### DATA TO EXAMINE
- Opening Delimiter -

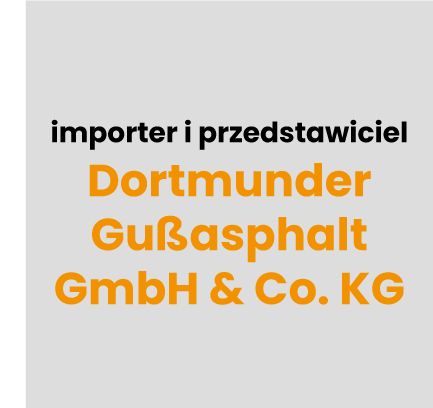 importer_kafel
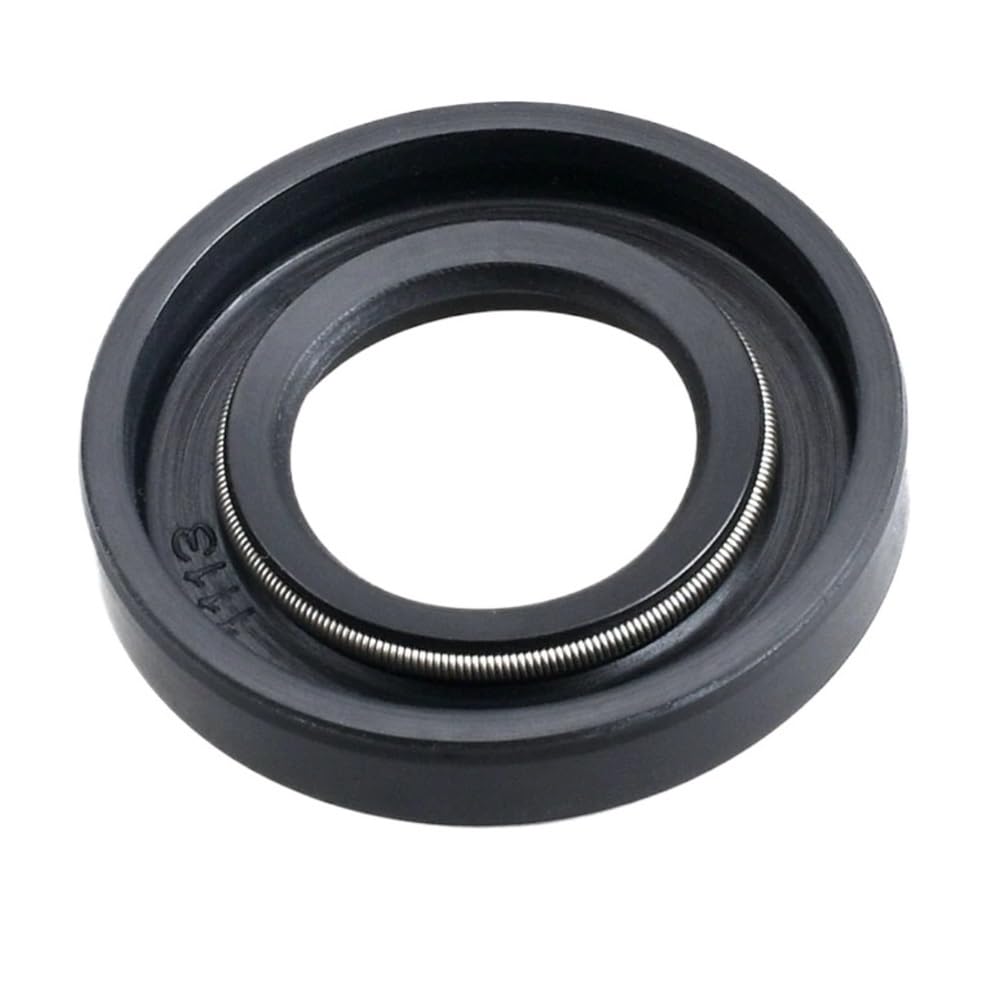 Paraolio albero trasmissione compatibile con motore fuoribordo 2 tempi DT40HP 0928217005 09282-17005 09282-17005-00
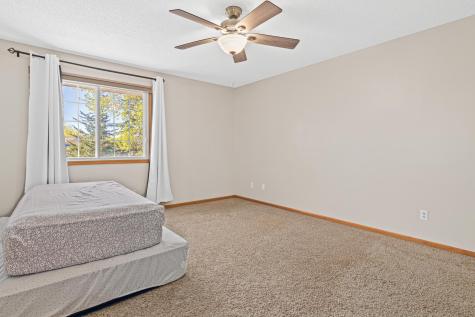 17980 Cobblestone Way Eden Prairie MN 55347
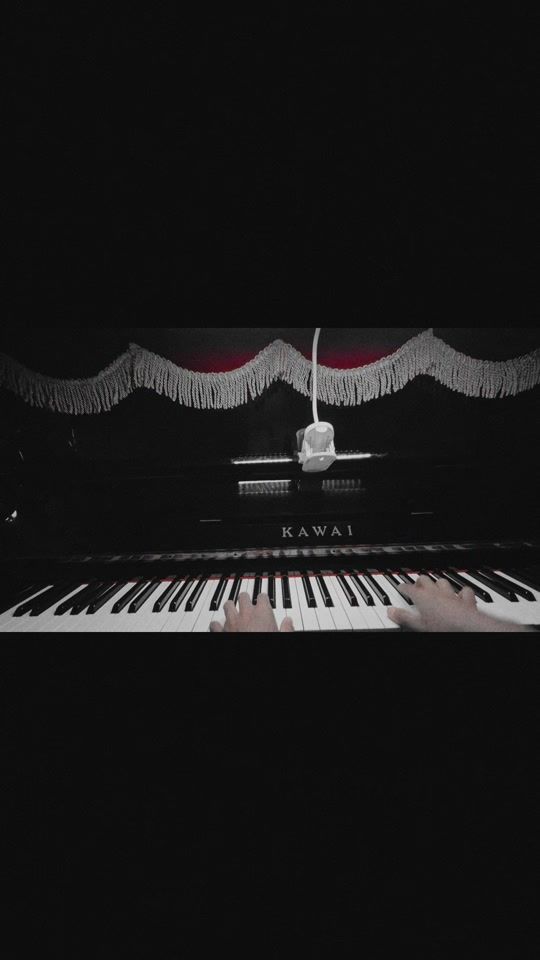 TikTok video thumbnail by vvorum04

- Closing Delimiter -
- Opening Delimiter -

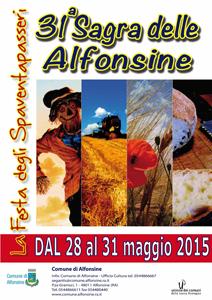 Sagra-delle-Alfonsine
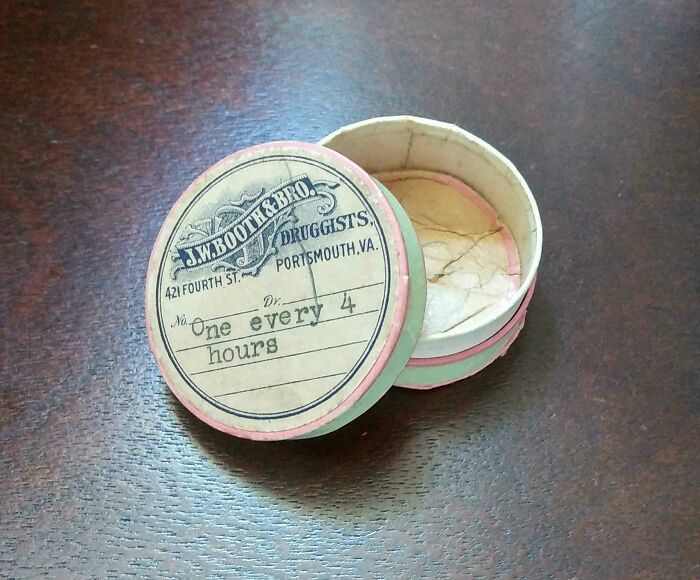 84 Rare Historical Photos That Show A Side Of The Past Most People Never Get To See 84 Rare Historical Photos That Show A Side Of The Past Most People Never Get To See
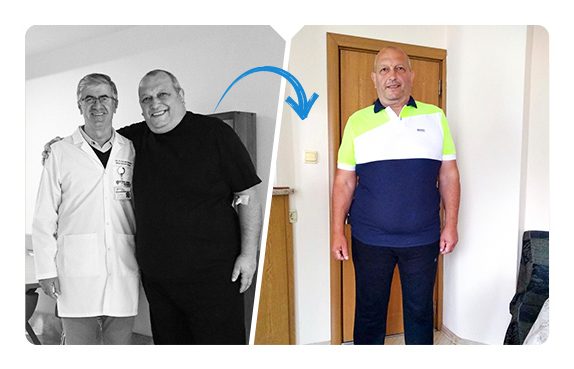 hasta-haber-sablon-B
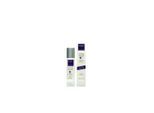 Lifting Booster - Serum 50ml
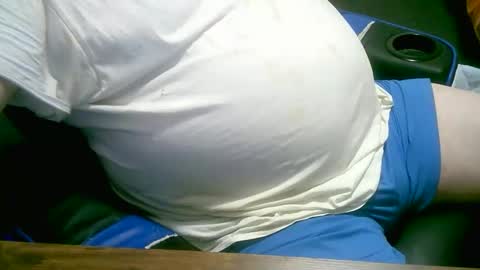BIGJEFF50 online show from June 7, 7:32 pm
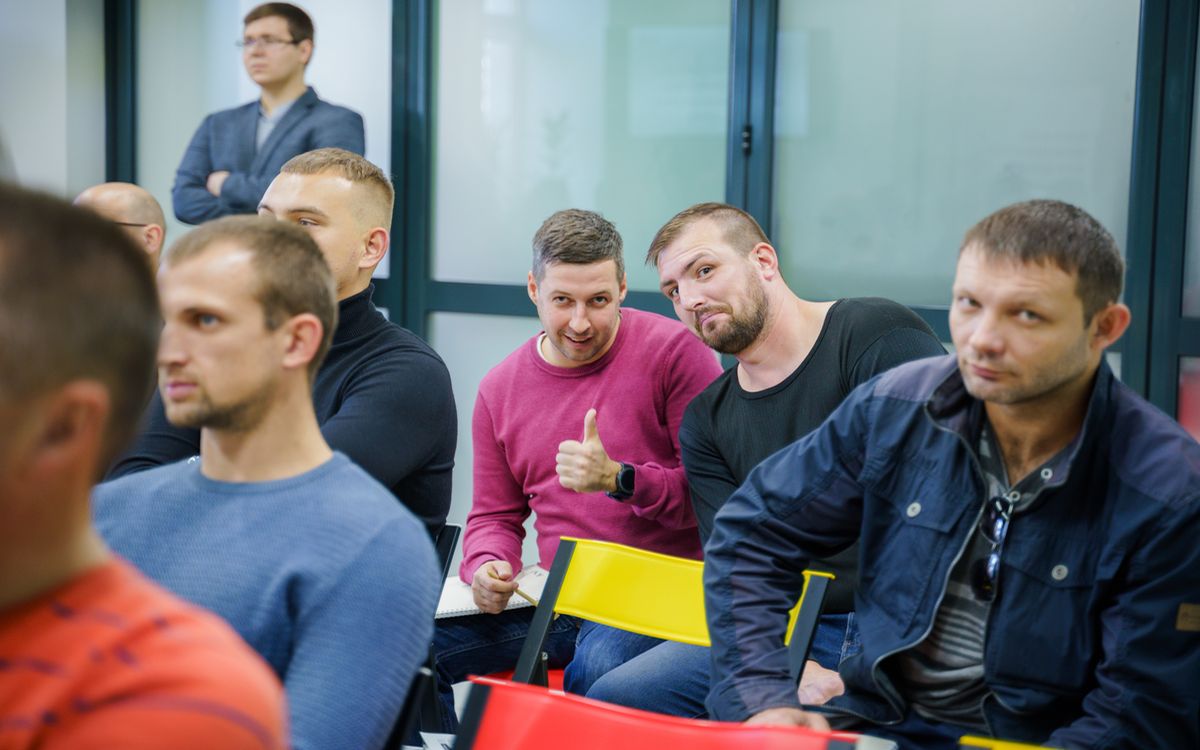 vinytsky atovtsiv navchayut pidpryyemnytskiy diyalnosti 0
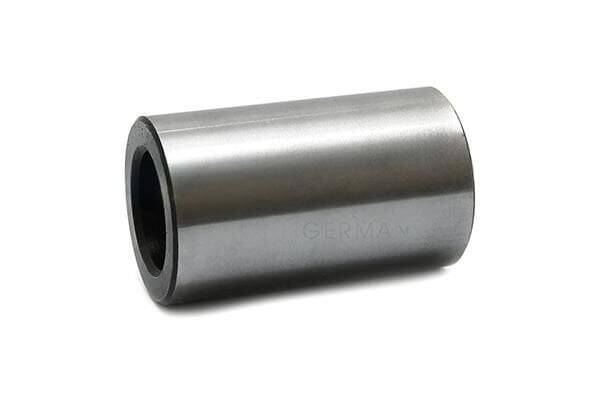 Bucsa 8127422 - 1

- Closing Delimiter -

Repeat exactly the lines above, from the line that contains "importer_kafel" down through the line that contains "TikTok video thumbnail by vvorum04". Include both of those lines and none of the pictures.

 importer_kafel
 Paraolio albero trasmissione compatibile con motore fuoribordo 2 tempi DT40HP 0928217005 09282-17005 09282-17005-00
 17980 Cobblestone Way Eden Prairie MN 55347
 TikTok video thumbnail by vvorum04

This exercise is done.